***** Provided material

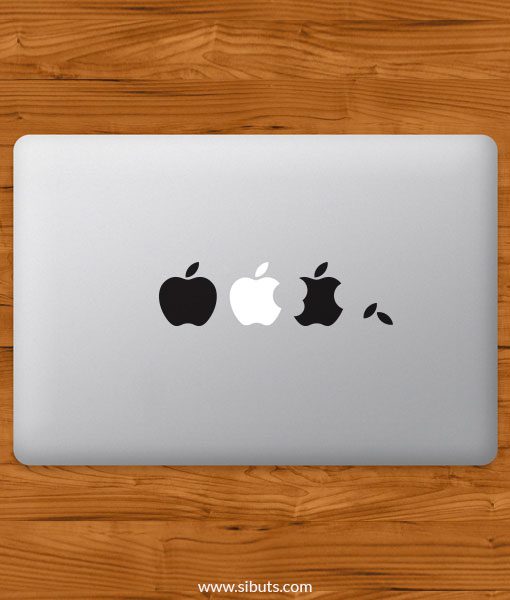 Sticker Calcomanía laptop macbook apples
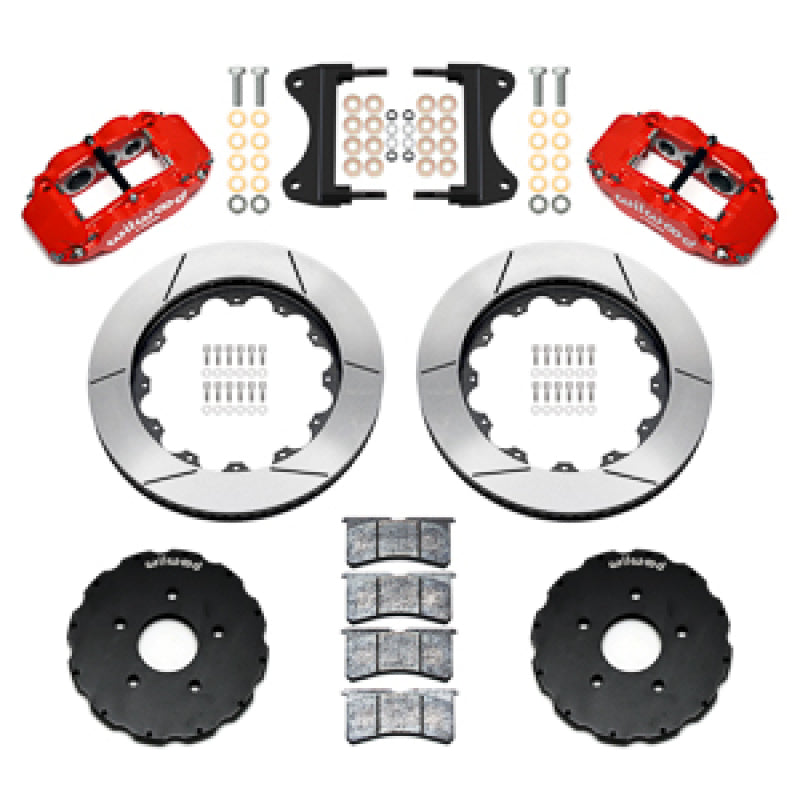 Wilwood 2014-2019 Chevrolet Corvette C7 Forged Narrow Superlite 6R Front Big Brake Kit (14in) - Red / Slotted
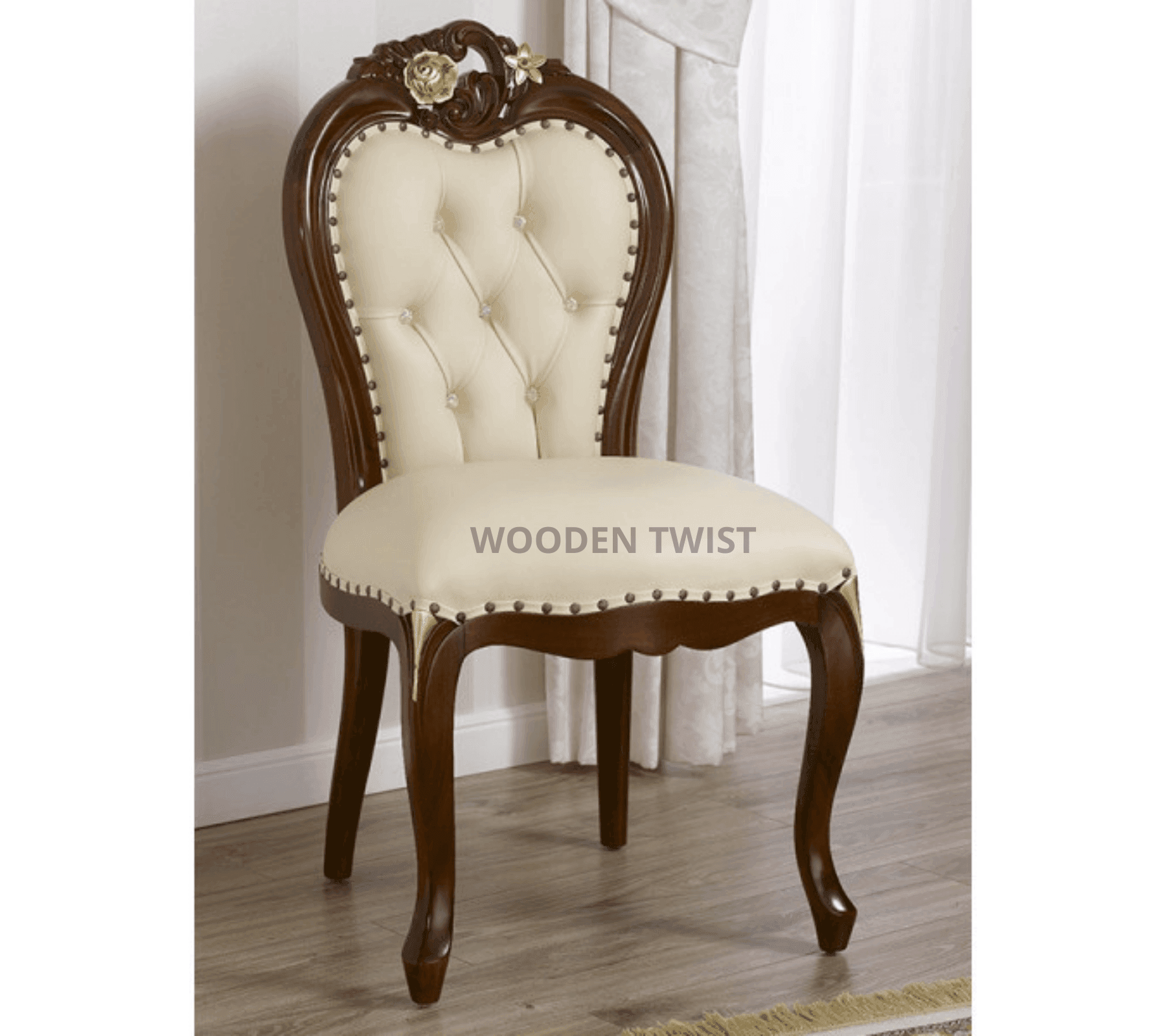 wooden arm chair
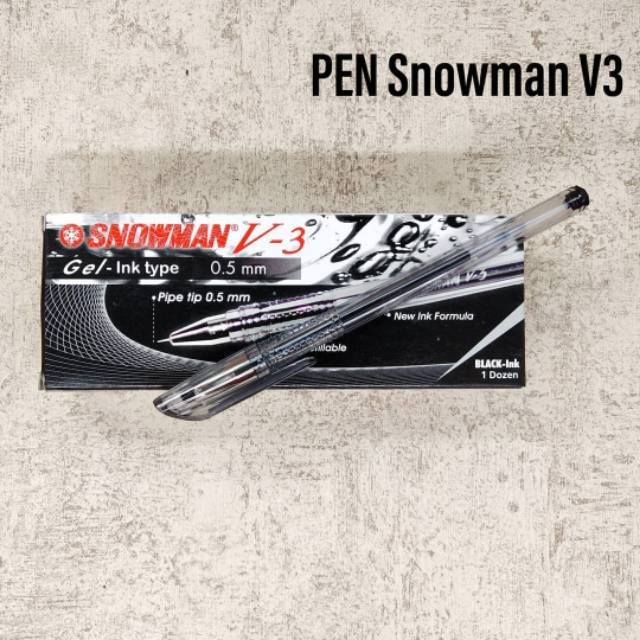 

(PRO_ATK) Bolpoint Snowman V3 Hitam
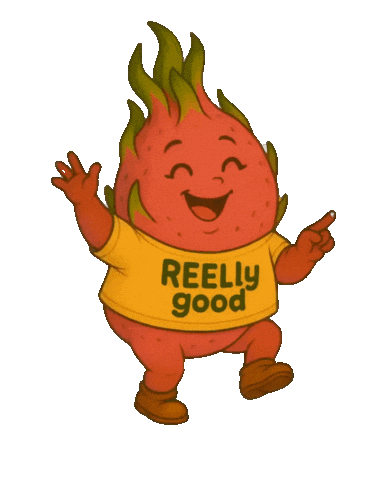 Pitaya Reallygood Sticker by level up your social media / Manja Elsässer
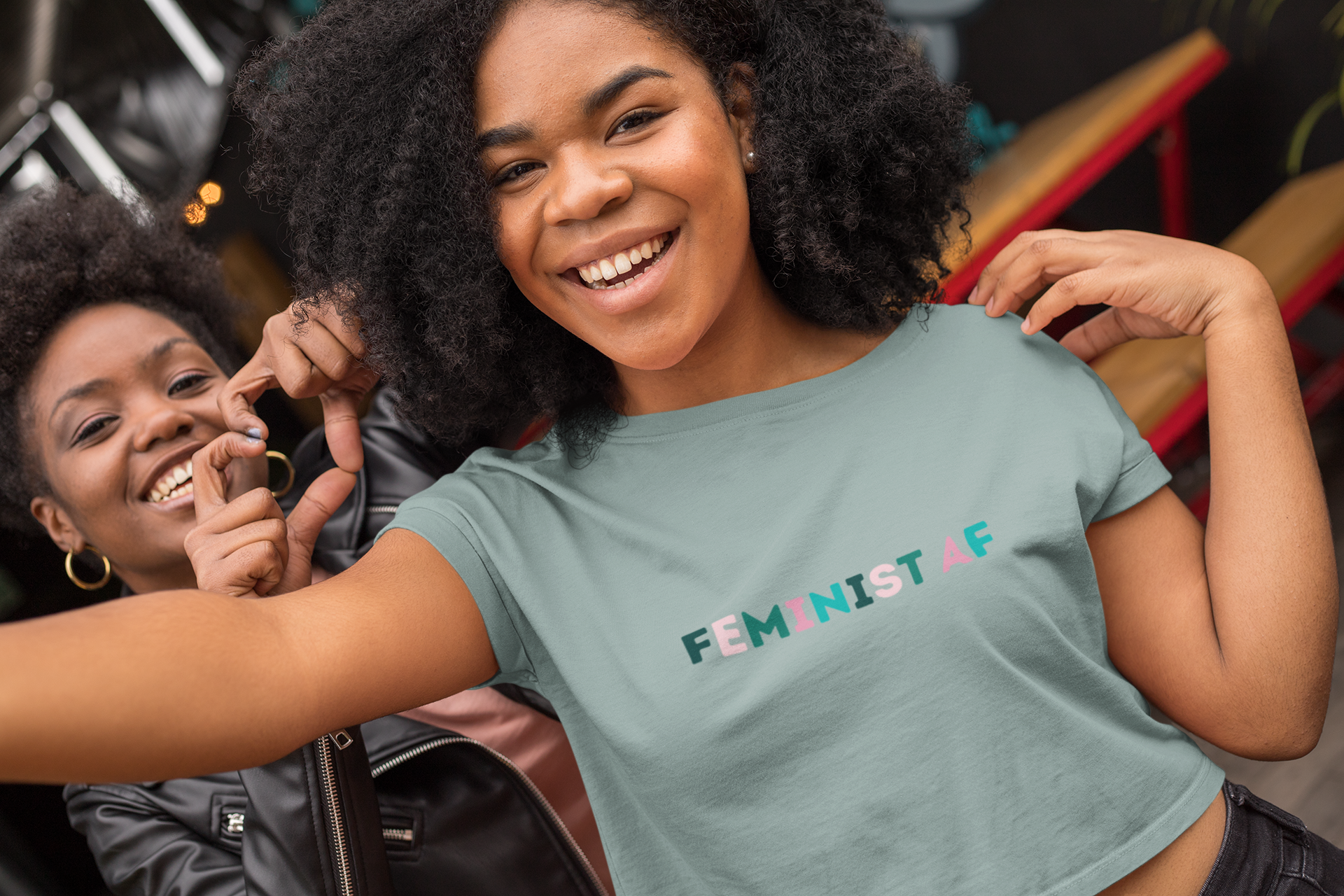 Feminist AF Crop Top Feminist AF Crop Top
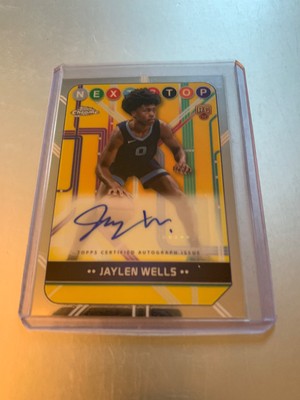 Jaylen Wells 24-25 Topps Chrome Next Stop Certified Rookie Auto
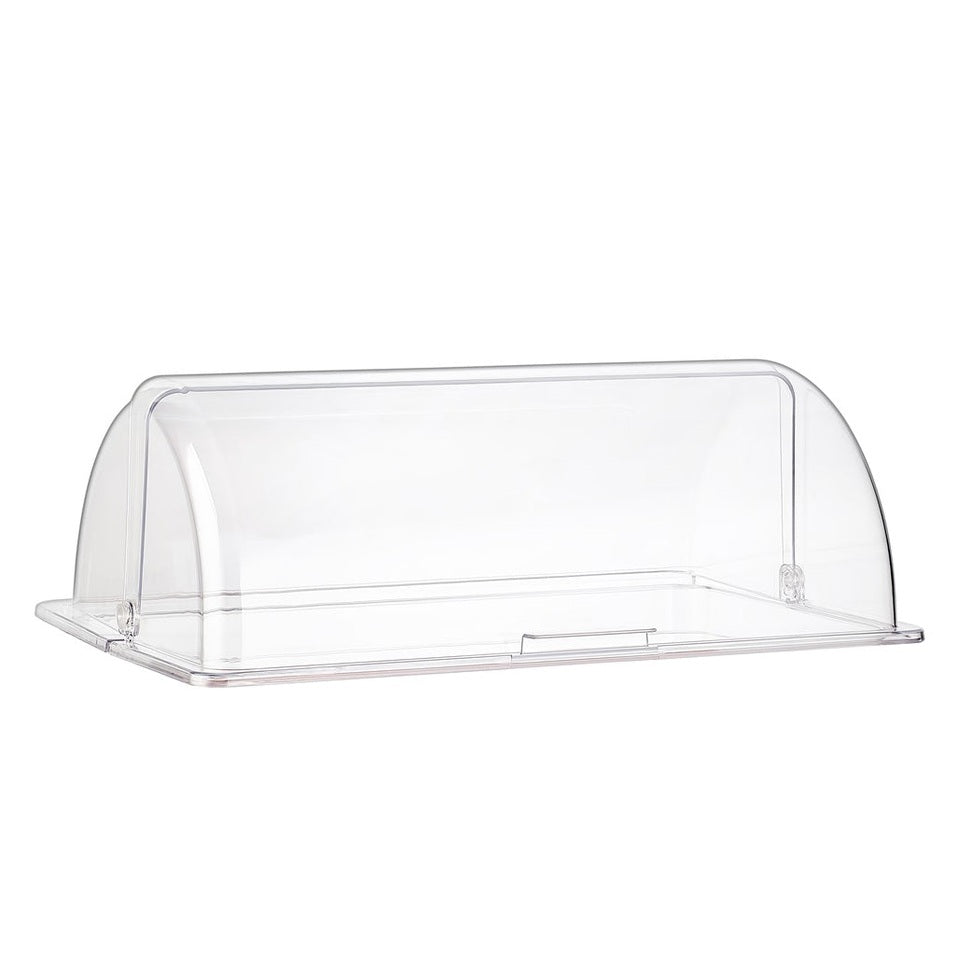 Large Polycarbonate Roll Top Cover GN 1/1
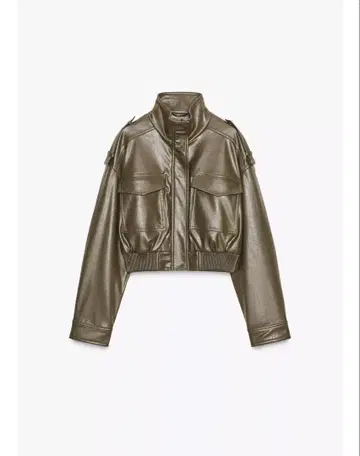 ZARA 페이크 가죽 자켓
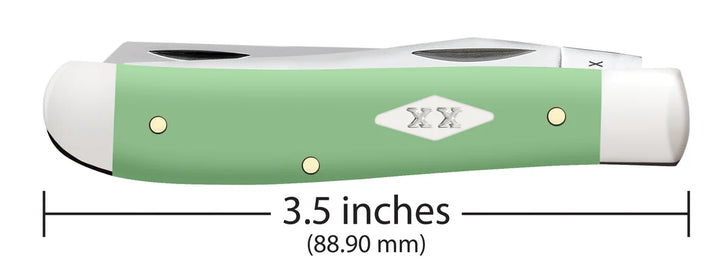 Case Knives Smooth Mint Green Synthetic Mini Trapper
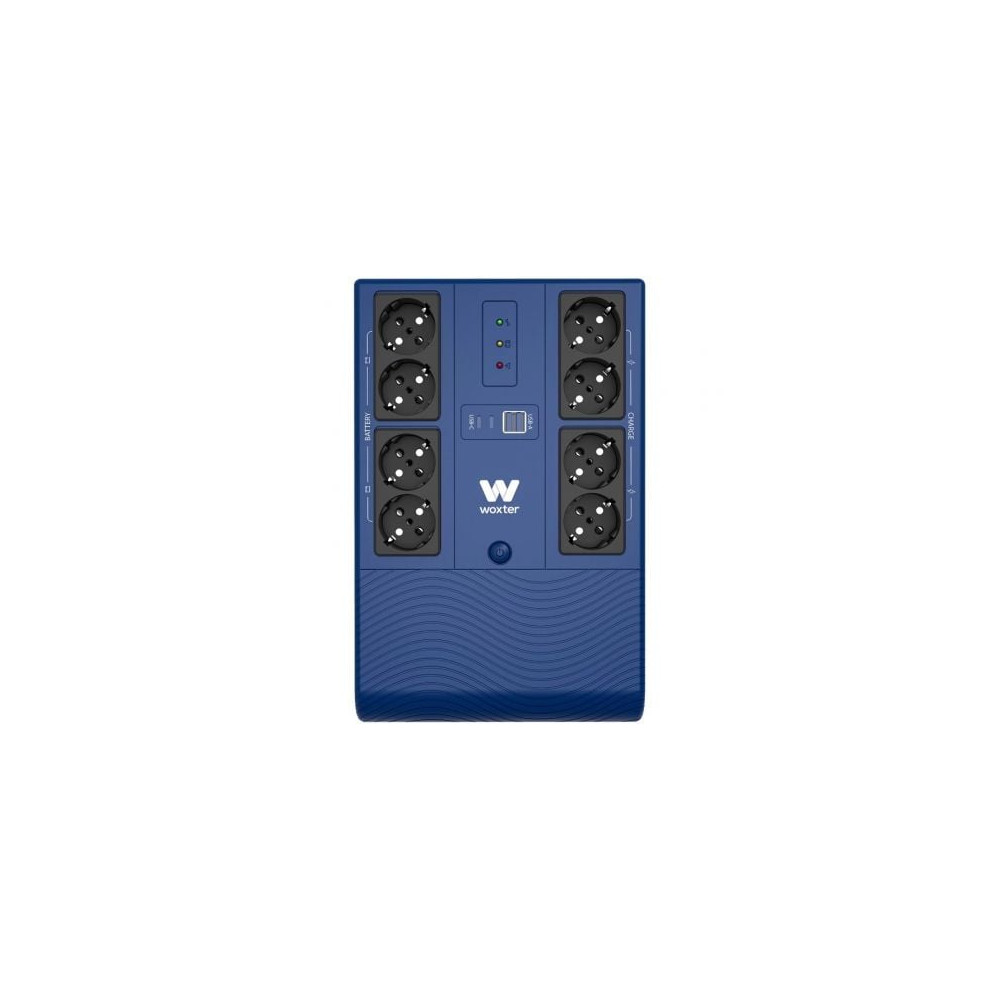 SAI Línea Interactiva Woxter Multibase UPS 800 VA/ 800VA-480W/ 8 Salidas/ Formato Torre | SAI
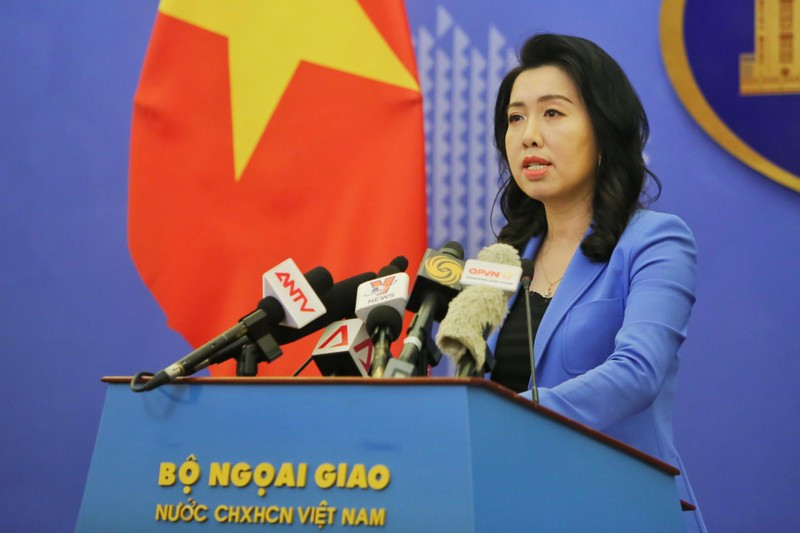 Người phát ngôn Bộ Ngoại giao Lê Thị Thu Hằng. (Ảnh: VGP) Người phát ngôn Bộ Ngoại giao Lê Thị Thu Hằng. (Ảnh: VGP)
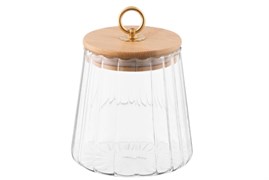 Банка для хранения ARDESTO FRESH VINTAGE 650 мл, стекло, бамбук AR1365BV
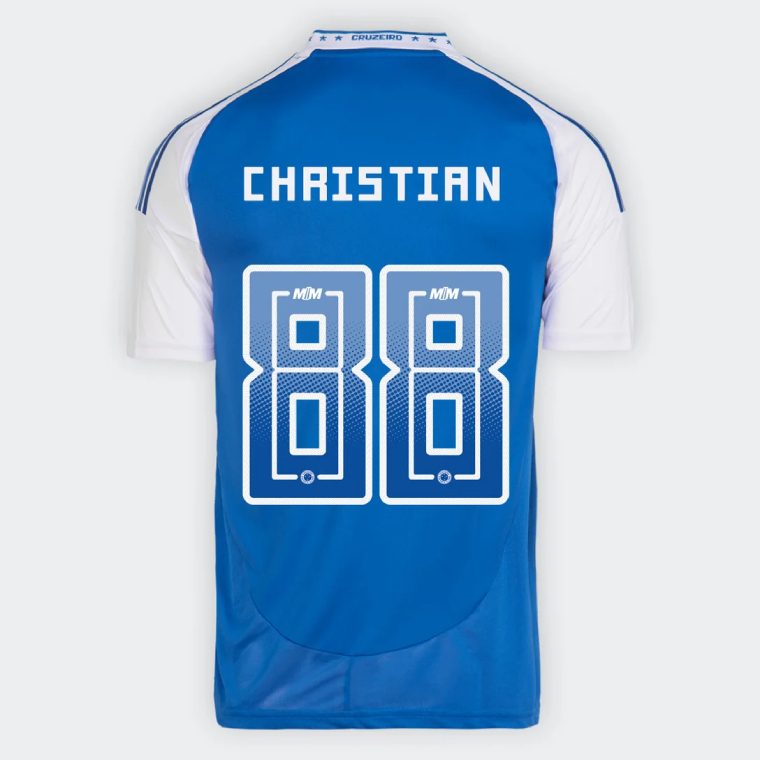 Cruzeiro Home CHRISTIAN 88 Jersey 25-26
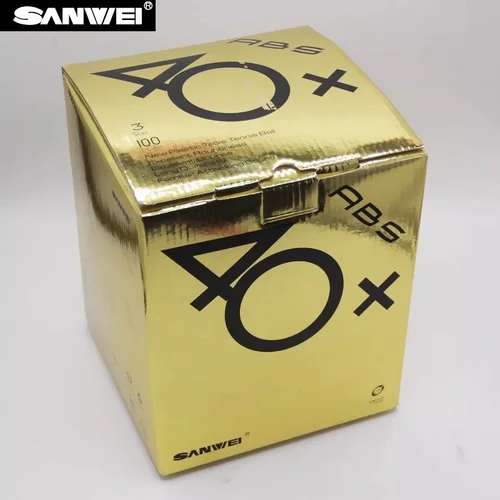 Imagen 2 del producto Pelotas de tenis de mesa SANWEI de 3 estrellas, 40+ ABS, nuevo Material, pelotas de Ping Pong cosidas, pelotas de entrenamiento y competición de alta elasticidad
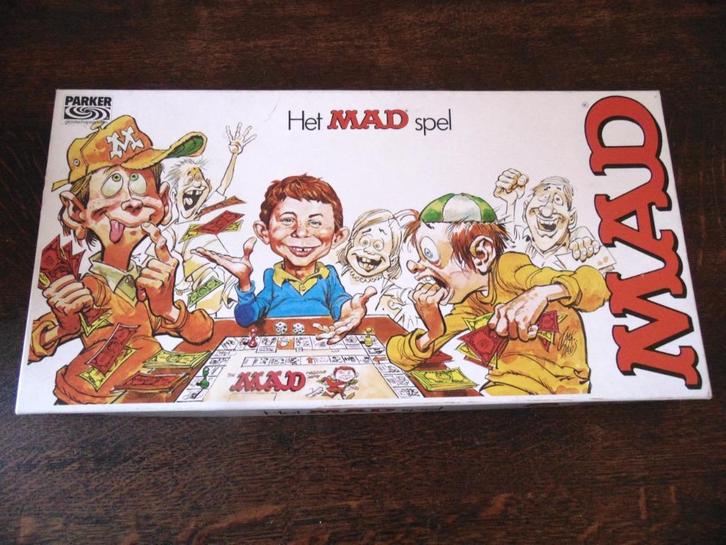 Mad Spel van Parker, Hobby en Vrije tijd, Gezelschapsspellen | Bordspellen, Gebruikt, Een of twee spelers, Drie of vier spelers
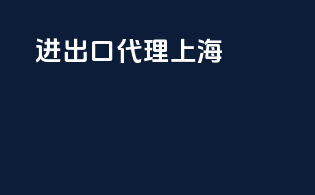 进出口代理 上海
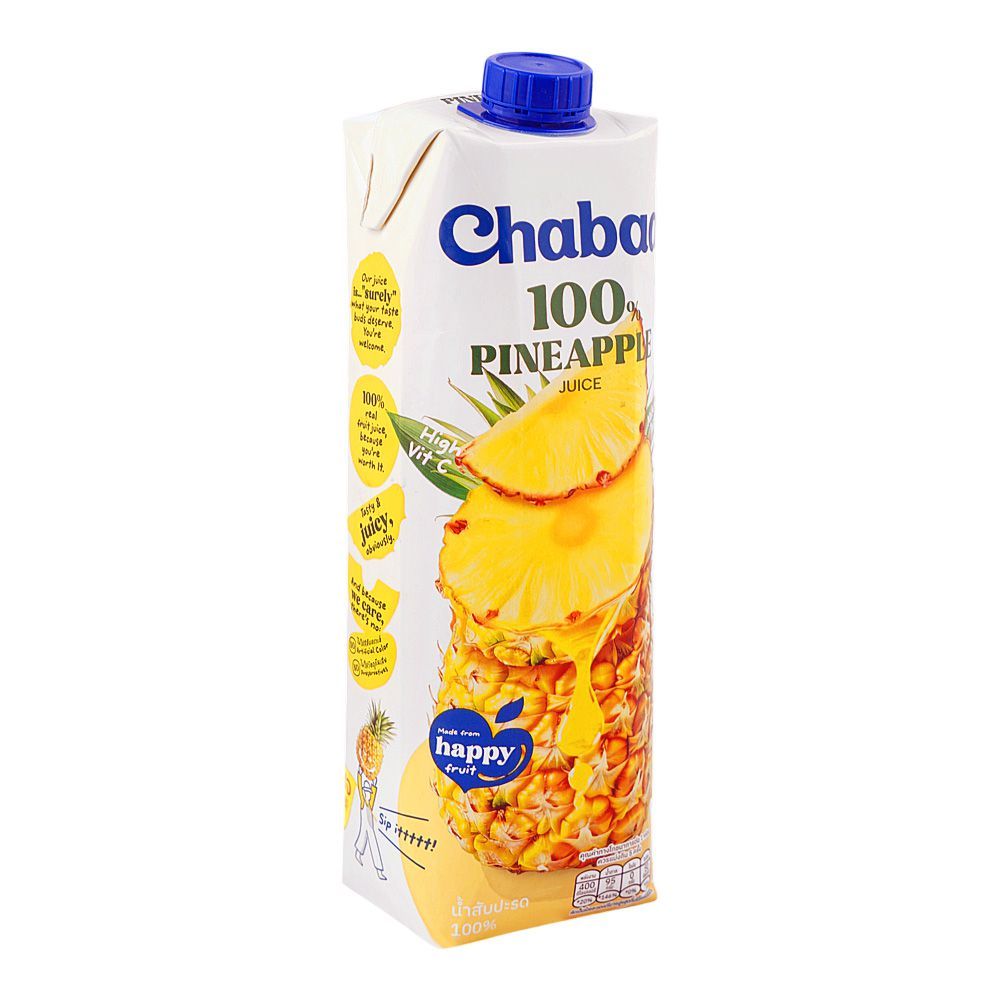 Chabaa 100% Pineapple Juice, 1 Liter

**********

* [Task item]
Which part of the entries opens with the line containing "Wilwood 2014-2019 Chevrolet" and closes with the line containing "Large Polycarbonate Roll Top Cover GN 1/1"? Output that part exactly, ends included, pictures excluded.

* [Your solution]
 Wilwood 2014-2019 Chevrolet Corvette C7 Forged Narrow Superlite 6R Front Big Brake Kit (14in) - Red / Slotted
 wooden arm chair

(PRO_ATK) Bolpoint Snowman V3 Hitam
 Pitaya Reallygood Sticker by level up your social media / Manja Elsässer
 Feminist AF Crop Top Feminist AF Crop Top
 Jaylen Wells 24-25 Topps Chrome Next Stop Certified Rookie Auto
 Large Polycarbonate Roll Top Cover GN 1/1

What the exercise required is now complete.